» Problem requirements
Each line below should be retyped exactly, with no pictures.

» Material for the task

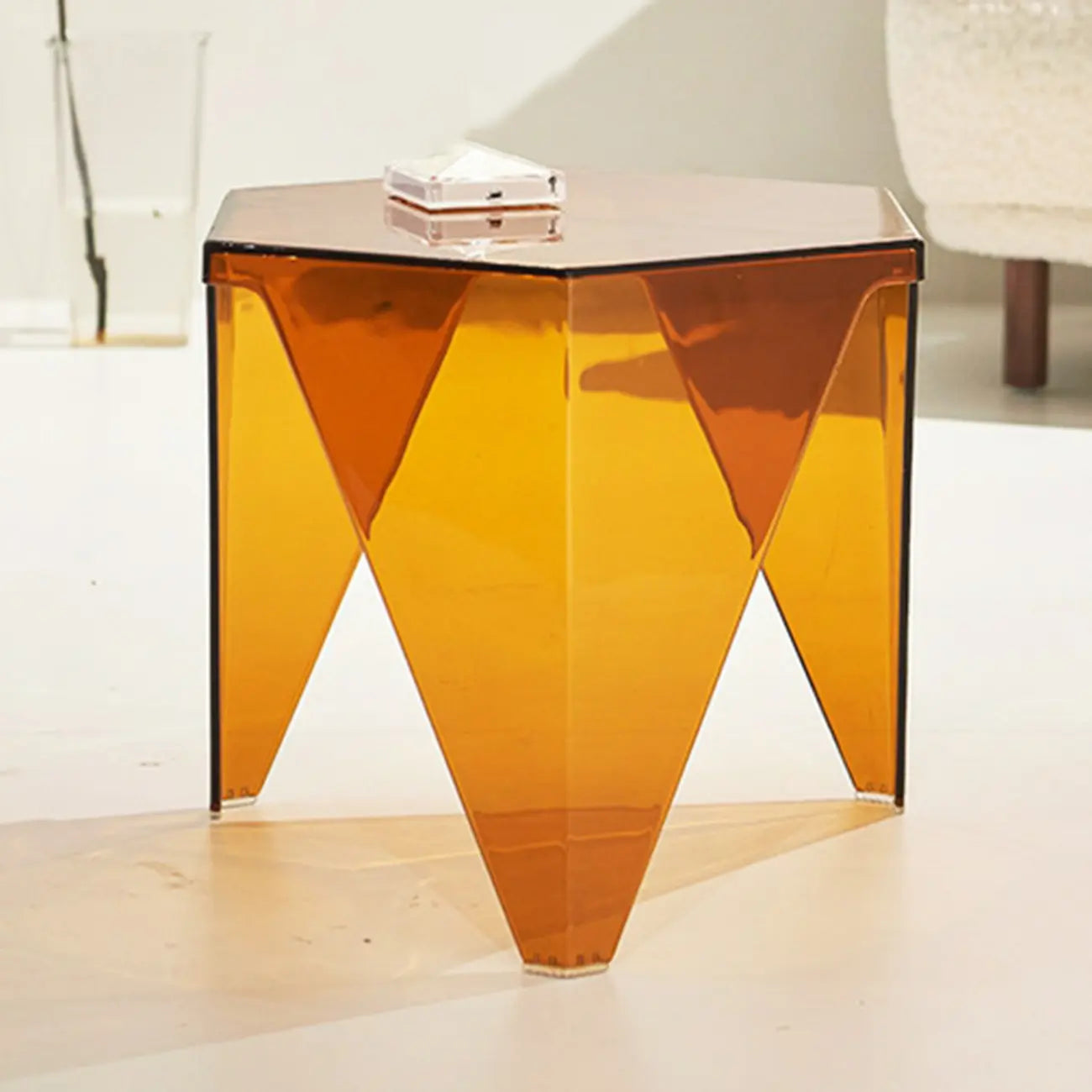 Table d'appoint hexagonale contemporaine en acrylique pour salon
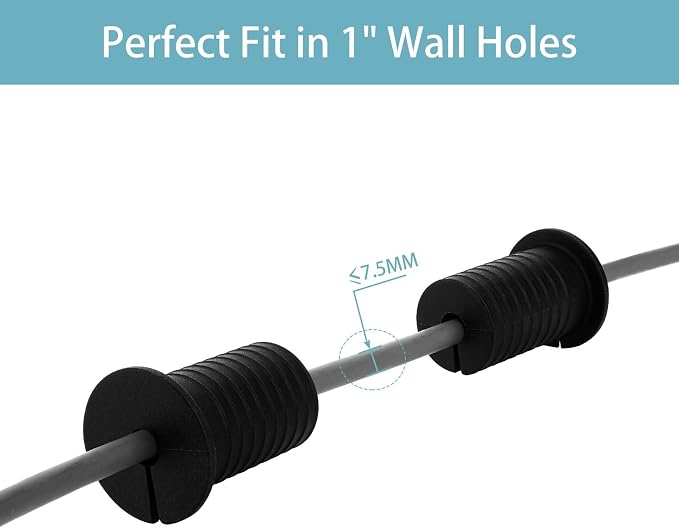 2 Pcs Starlink Cable Routing Kit for 1 Inch Wall Hole, Starlink Wall Grommet, Perforated Silicone Grommet, Cable Punch Grommet, Wall Grommet for Starlink Ethernet Cable (Black) - Image 6
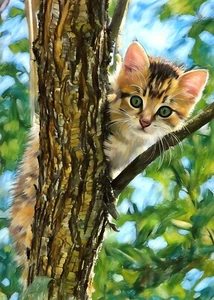 ACEO miniature art print 2.5x3.5 artist trading card cute cat hugging tree - Picture 1 of 3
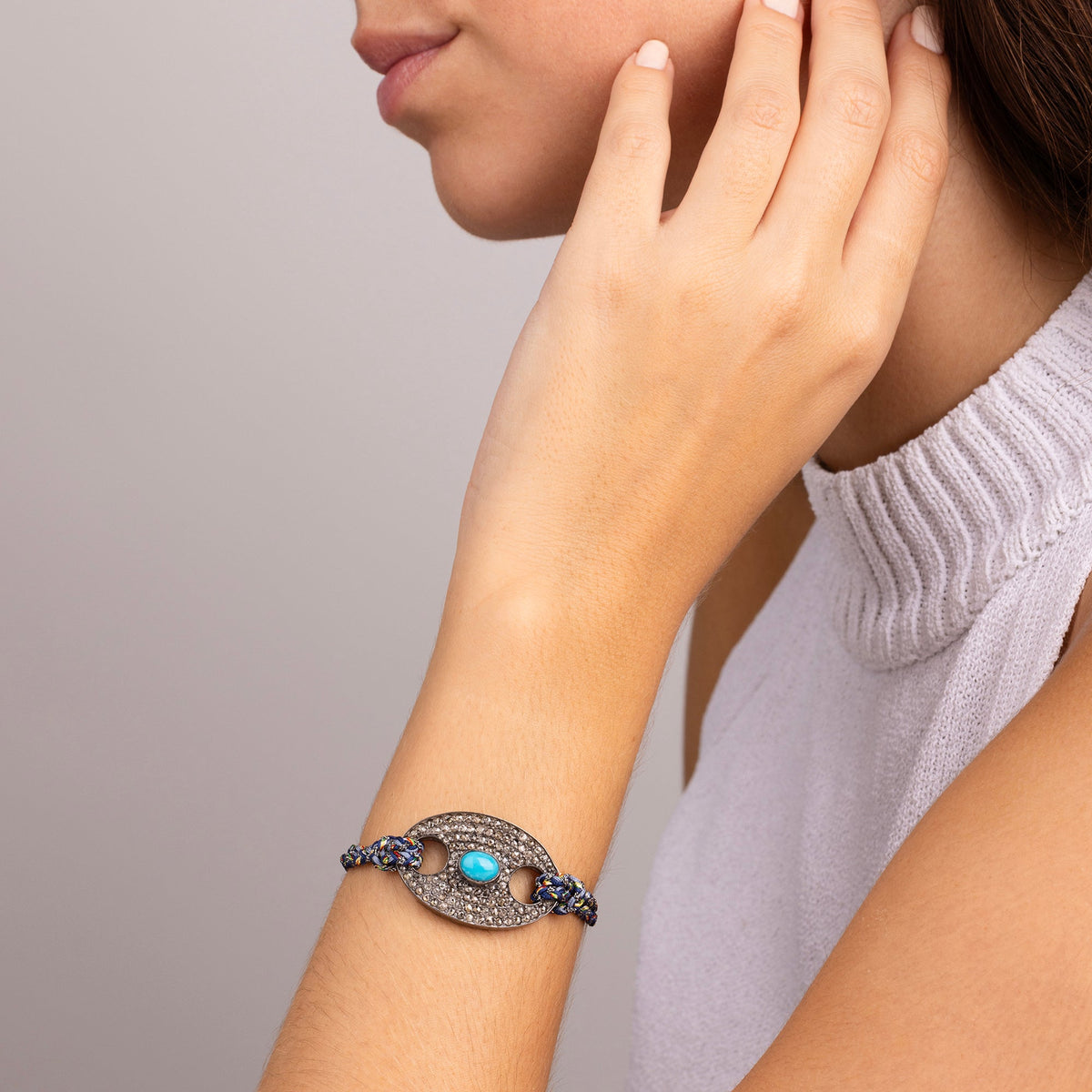 One Turquoise Clasp Bracelet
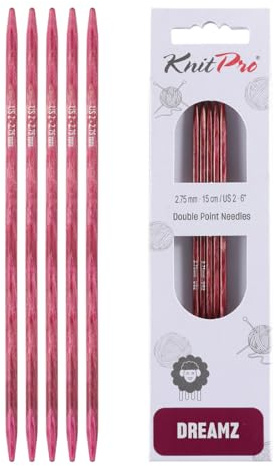 KnitPro Dreamz dubbelspetsiga nålar 15 cm (6 tum) | US storlek 2 (2,75 mm)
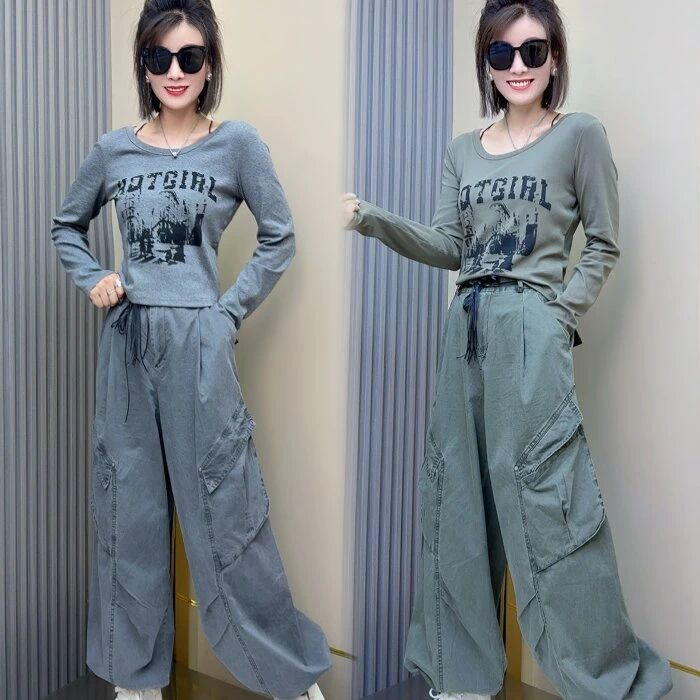 印花上衣T恤工装长裤两件套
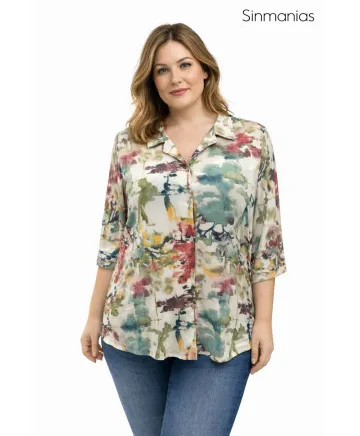 Blusa verde Reina - Blusas Tallas Grandes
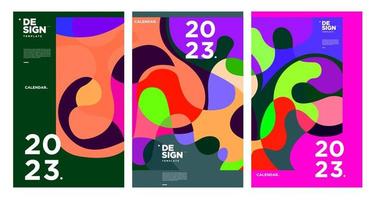 New year 2023 calendar design template with geometric colorful abstract. Vector calendar design.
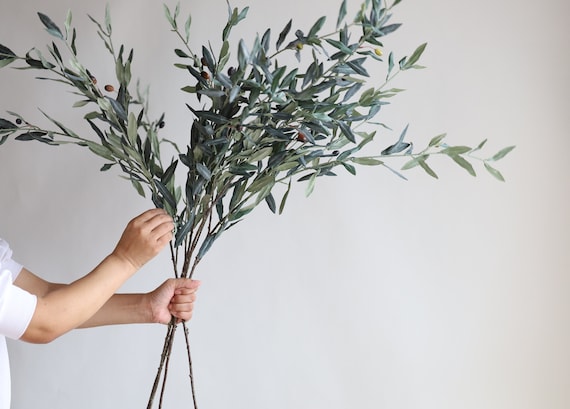40.5" Artificial Gray-green Olive Leaf Branch, Artificial Wedding Greenery, Fake Plant, Home/Kitchen Decoration, DIY Florals Centerpieces,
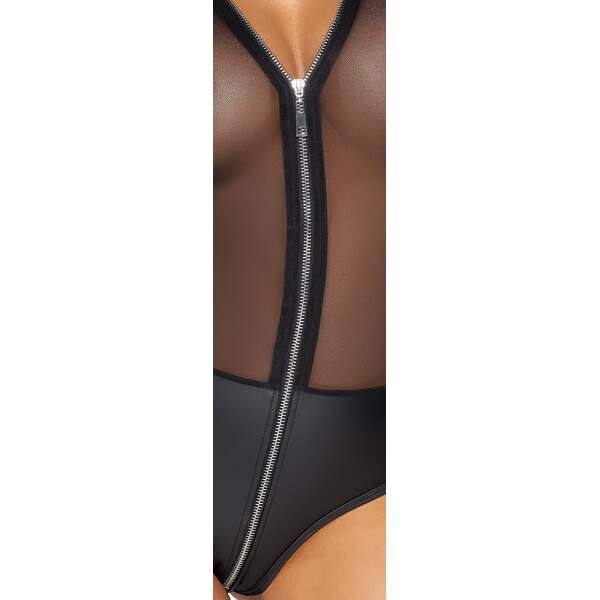 Cottelli Collection - Body - Lange Mouwen - Gaas - Wetlook - Afbeelding 5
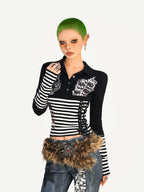 Nico Molly Striped Skull Patchwork Print Turn Down Collar Women's Long Sleeve T-shirts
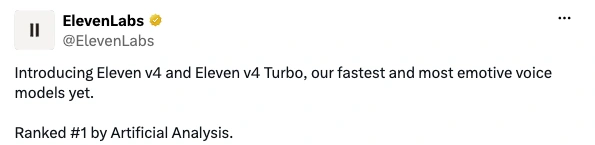 ElevenLabs公式XによるEleven v4とv4 Turboの発表投稿の部分画面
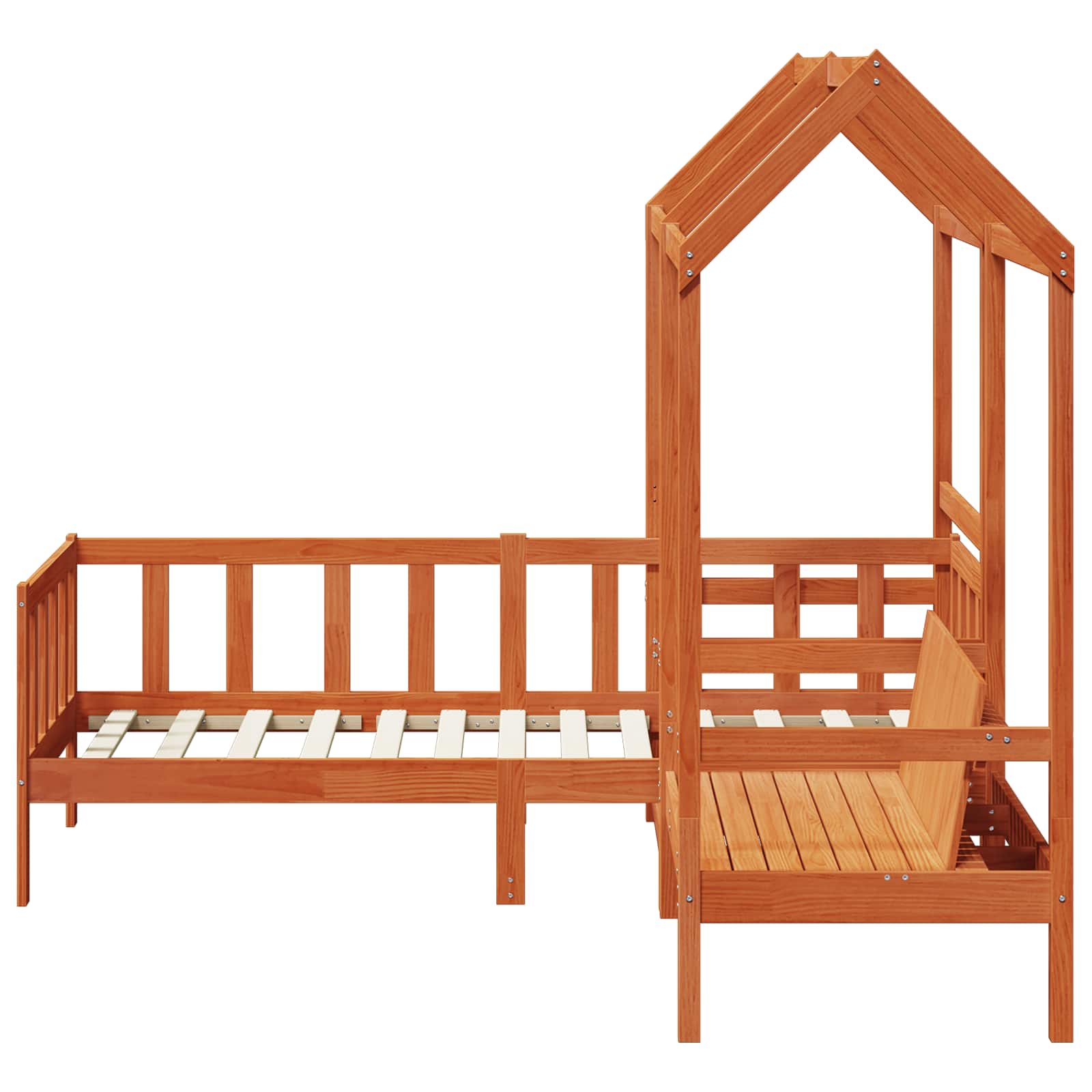 Juego de Cama de Día 3 pcs Marrón Cera Pino macizo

» Result of the task
 Table d'appoint hexagonale contemporaine en acrylique pour salon
 2 Pcs Starlink Cable Routing Kit for 1 Inch Wall Hole, Starlink Wall Grommet, Perforated Silicone Grommet, Cable Punch Grommet, Wall Grommet for Starlink Ethernet Cable (Black) - Image 6
 ACEO miniature art print 2.5x3.5 artist trading card cute cat hugging tree - Picture 1 of 3
 One Turquoise Clasp Bracelet
 KnitPro Dreamz dubbelspetsiga nålar 15 cm (6 tum) | US storlek 2 (2,75 mm)
 印花上衣T恤工装长裤两件套
 Blusa verde Reina - Blusas Tallas Grandes
 New year 2023 calendar design template with geometric colorful abstract. Vector calendar design.
40.5" Artificial Gray-green Olive Leaf Branch, Artificial Wedding Greenery, Fake Plant, Home/Kitchen Decoration, DIY Florals Centerpieces,
 Cottelli Collection - Body - Lange Mouwen - Gaas - Wetlook - Afbeelding 5
 Nico Molly Striped Skull Patchwork Print Turn Down Collar Women's Long Sleeve T-shirts
 ElevenLabs公式XによるEleven v4とv4 Turboの発表投稿の部分画面
 Juego de Cama de Día 3 pcs Marrón Cera Pino macizo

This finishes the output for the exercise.